◆ What is expected:
When the line with "Modern kitchen island" turns up below, begin repeating exactly, and carry on through the line with "Bright living area with large windows"; no pictures go into the copy.

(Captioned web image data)
--

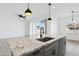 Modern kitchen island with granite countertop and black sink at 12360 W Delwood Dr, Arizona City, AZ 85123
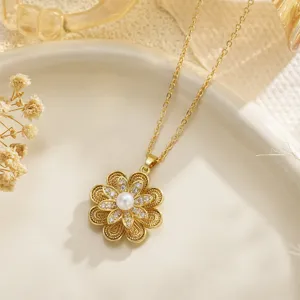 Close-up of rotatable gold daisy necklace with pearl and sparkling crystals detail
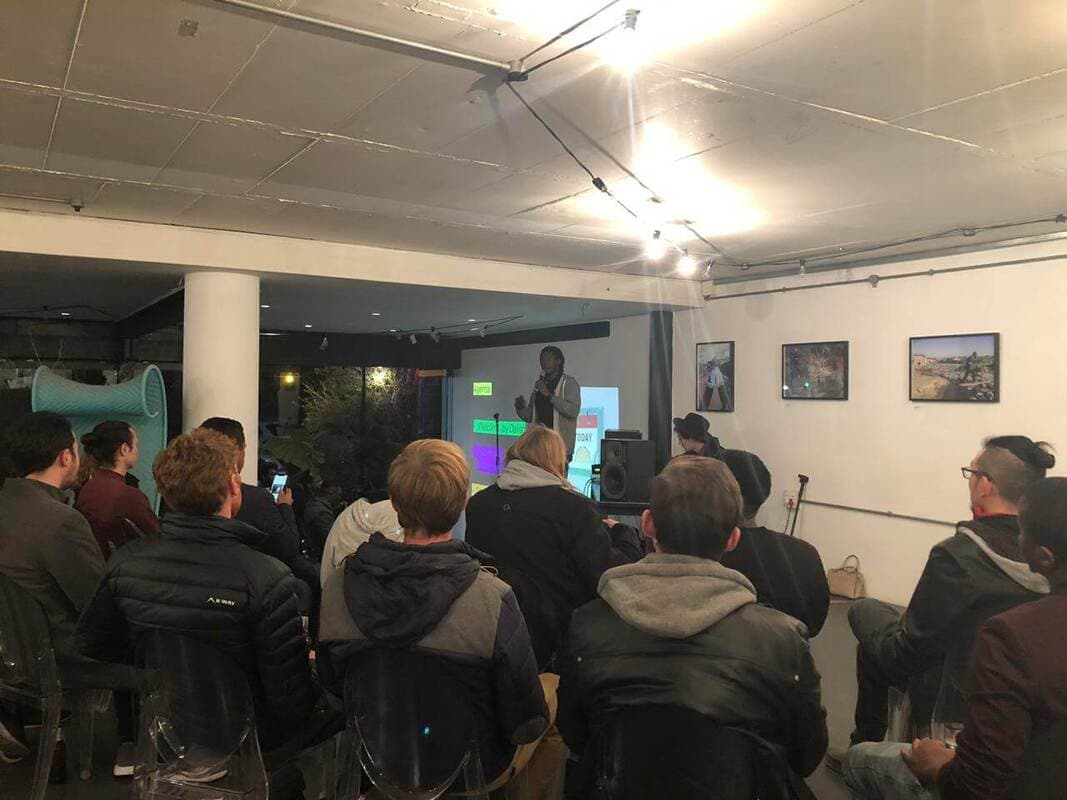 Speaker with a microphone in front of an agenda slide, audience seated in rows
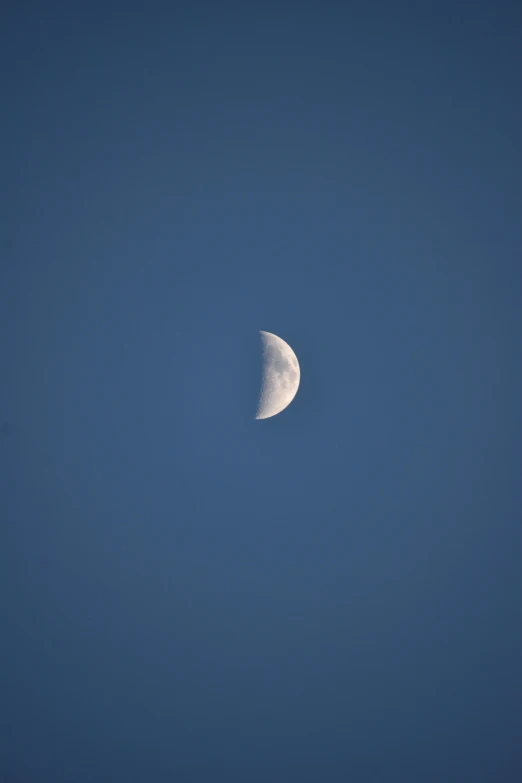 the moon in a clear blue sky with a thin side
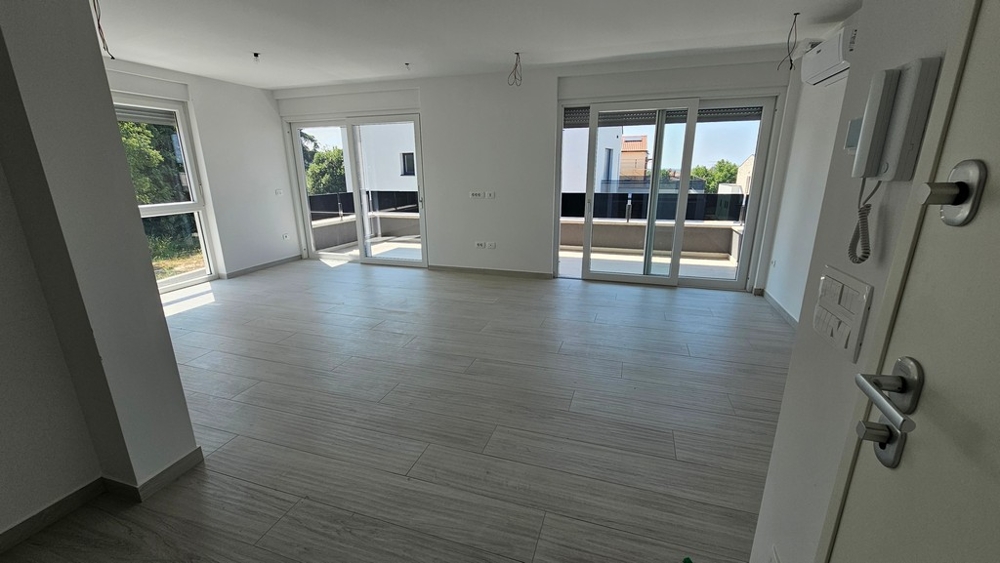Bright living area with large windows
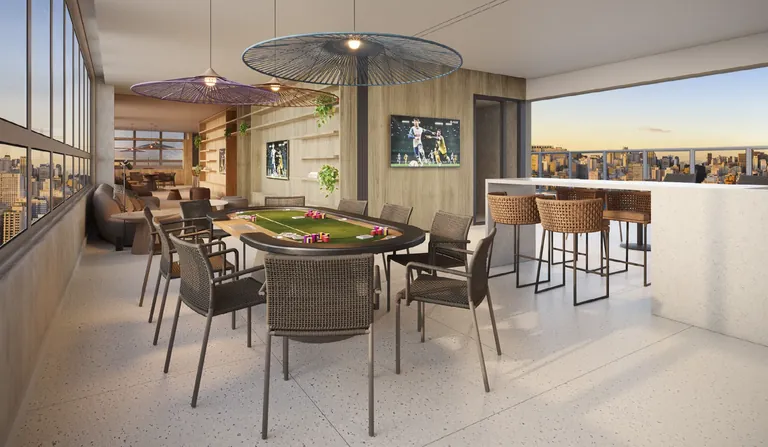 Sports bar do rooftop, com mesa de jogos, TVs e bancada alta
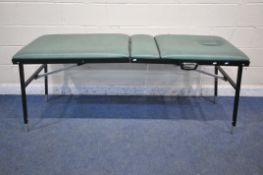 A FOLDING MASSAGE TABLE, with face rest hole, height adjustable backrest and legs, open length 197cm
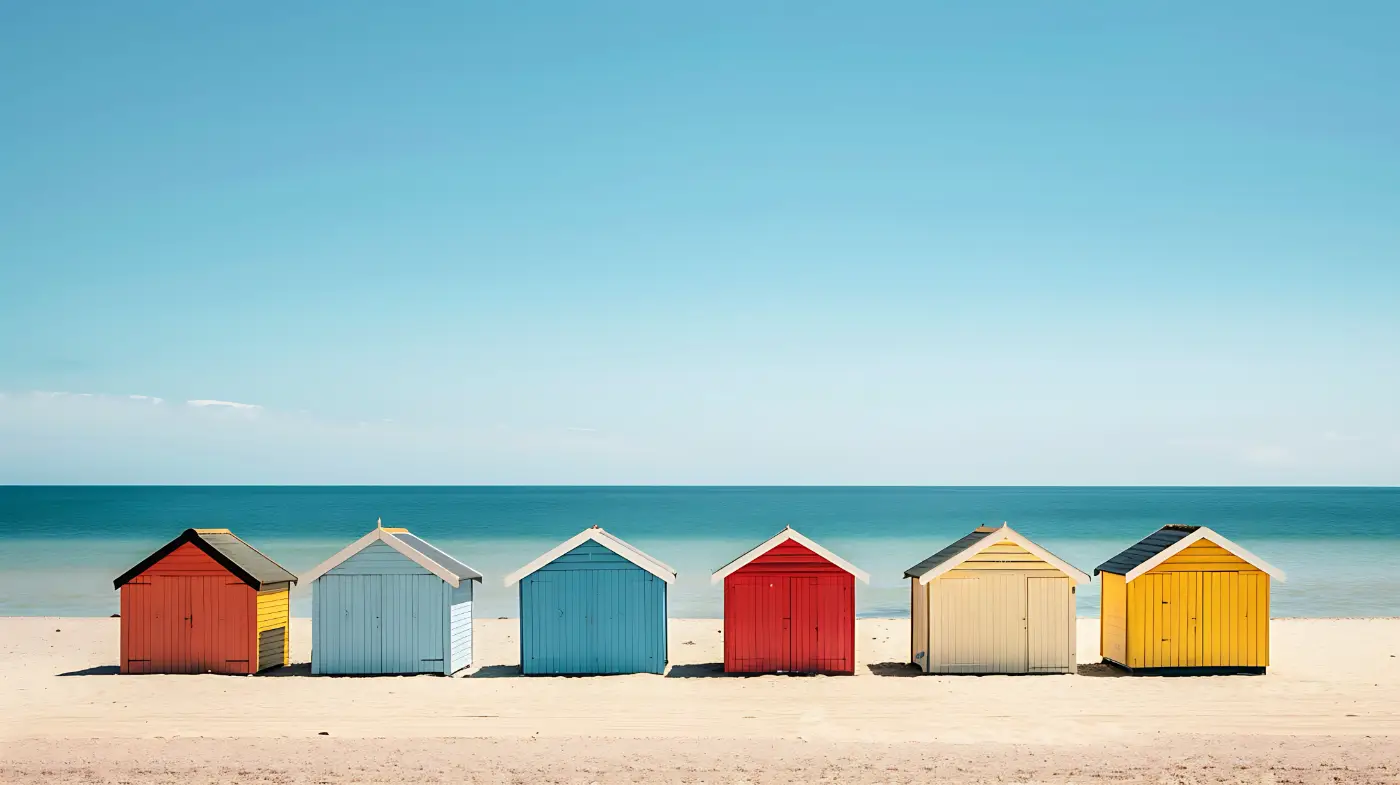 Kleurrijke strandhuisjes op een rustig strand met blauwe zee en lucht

--

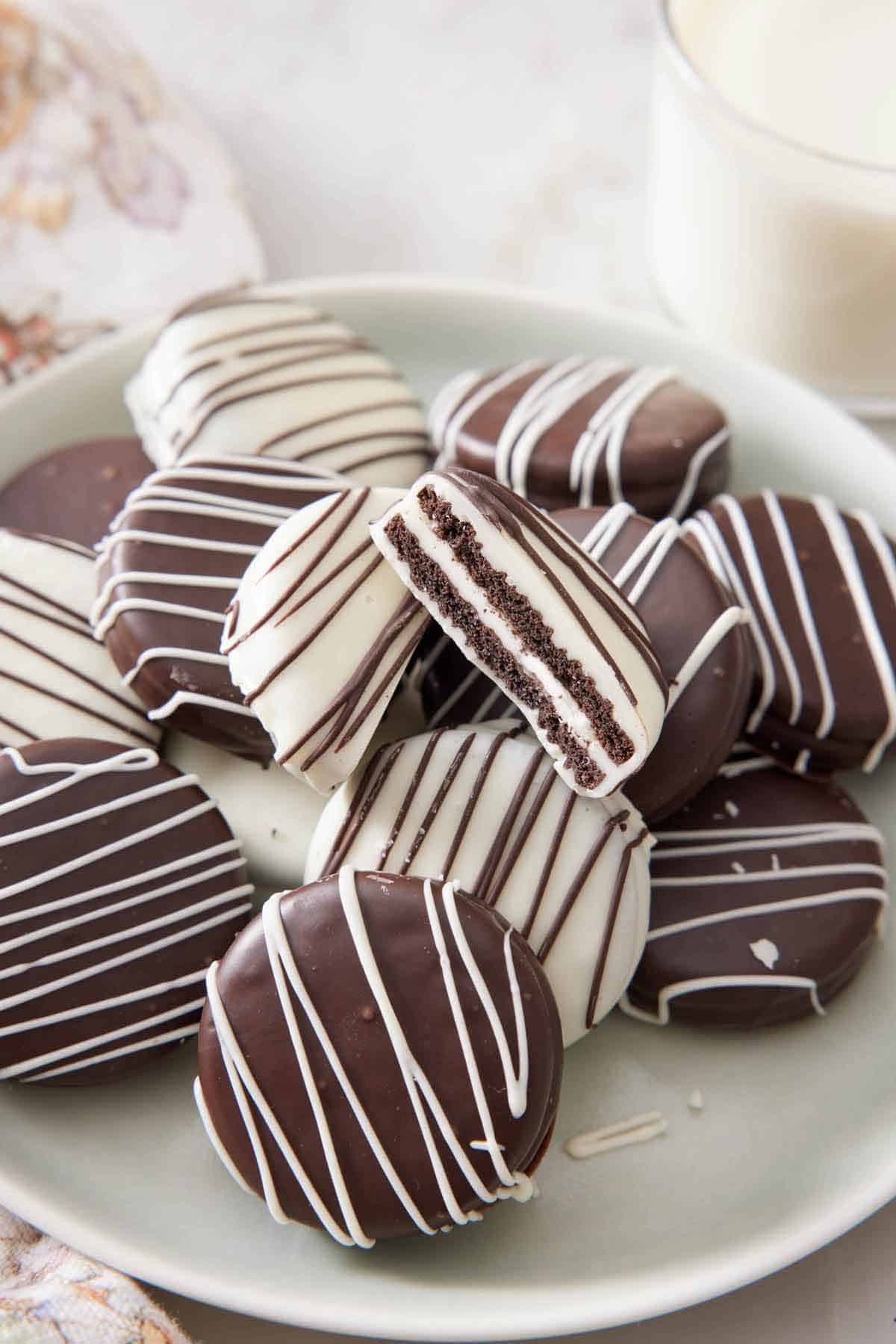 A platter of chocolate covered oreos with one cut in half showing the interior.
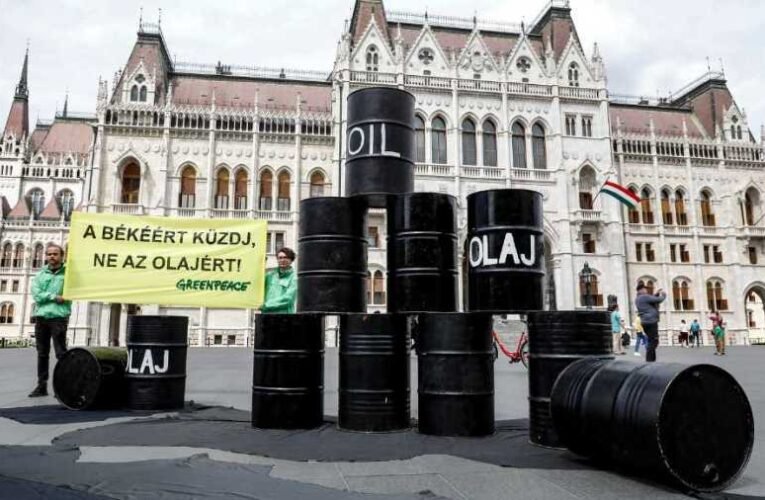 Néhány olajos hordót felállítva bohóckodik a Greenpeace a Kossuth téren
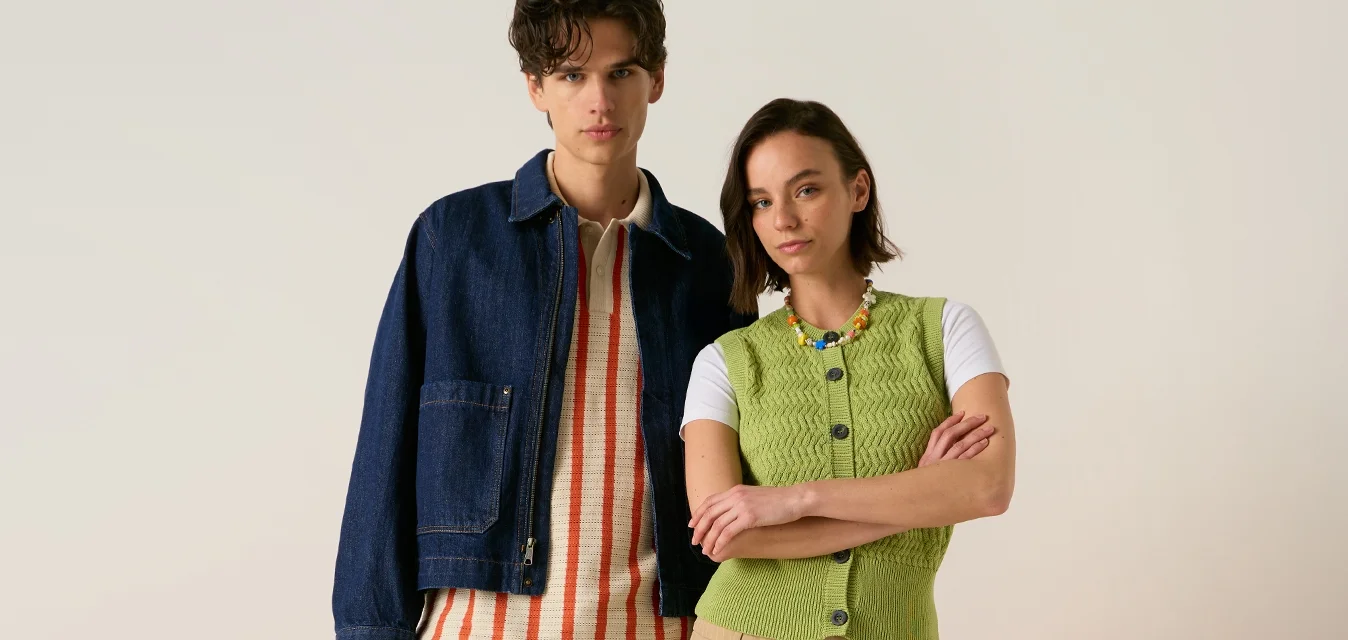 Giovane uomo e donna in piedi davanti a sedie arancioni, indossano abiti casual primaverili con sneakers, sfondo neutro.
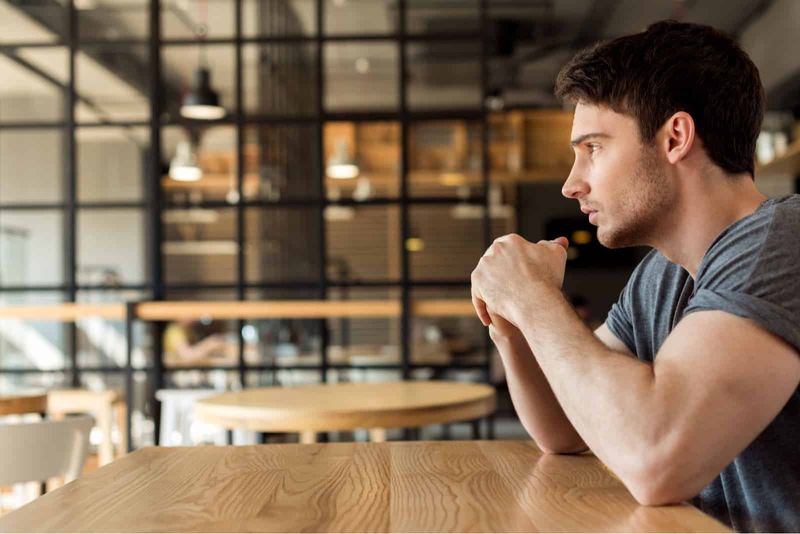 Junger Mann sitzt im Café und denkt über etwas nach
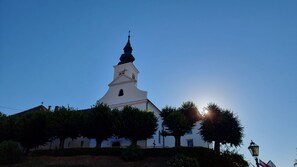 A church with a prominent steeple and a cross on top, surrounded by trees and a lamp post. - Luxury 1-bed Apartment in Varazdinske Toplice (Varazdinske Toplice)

--

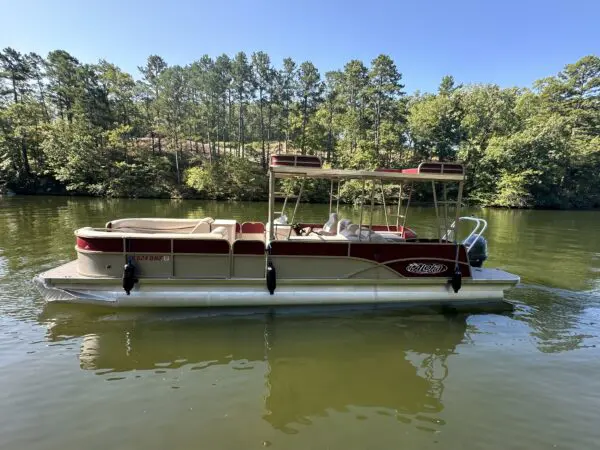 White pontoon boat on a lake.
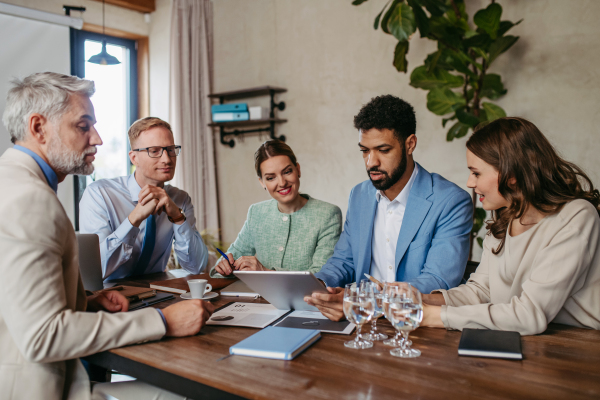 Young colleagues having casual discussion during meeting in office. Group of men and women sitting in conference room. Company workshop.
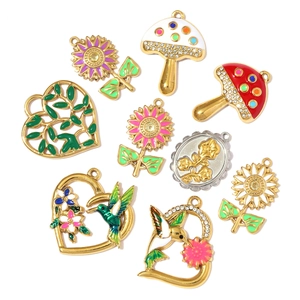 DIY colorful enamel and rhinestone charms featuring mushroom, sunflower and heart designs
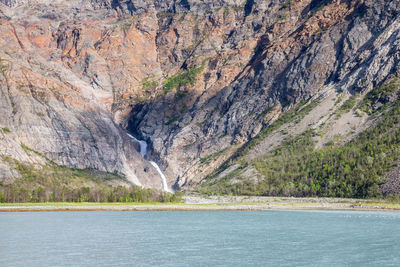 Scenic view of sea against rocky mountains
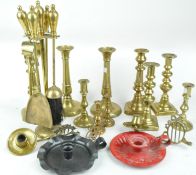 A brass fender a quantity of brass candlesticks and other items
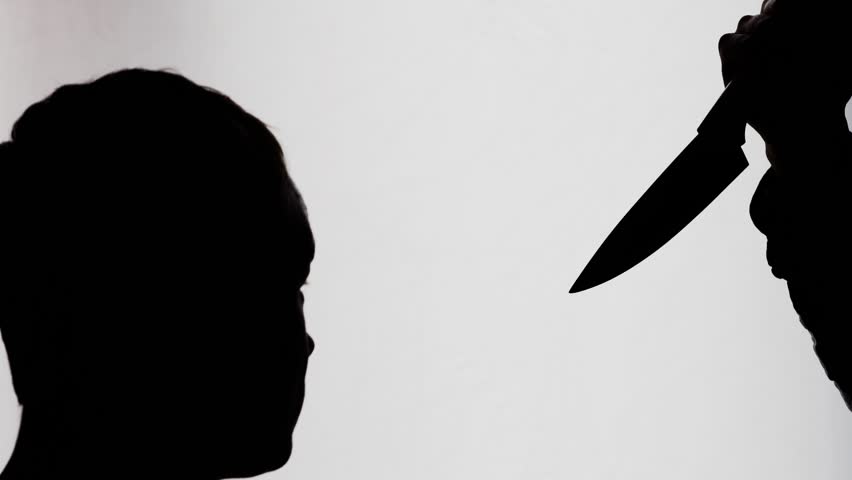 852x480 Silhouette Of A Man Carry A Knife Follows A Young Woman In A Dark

--

◆ Solution for this exercise:
 Modern kitchen island with granite countertop and black sink at 12360 W Delwood Dr, Arizona City, AZ 85123
 Close-up of rotatable gold daisy necklace with pearl and sparkling crystals detail
 Speaker with a microphone in front of an agenda slide, audience seated in rows
 the moon in a clear blue sky with a thin side
Bright living area with large windows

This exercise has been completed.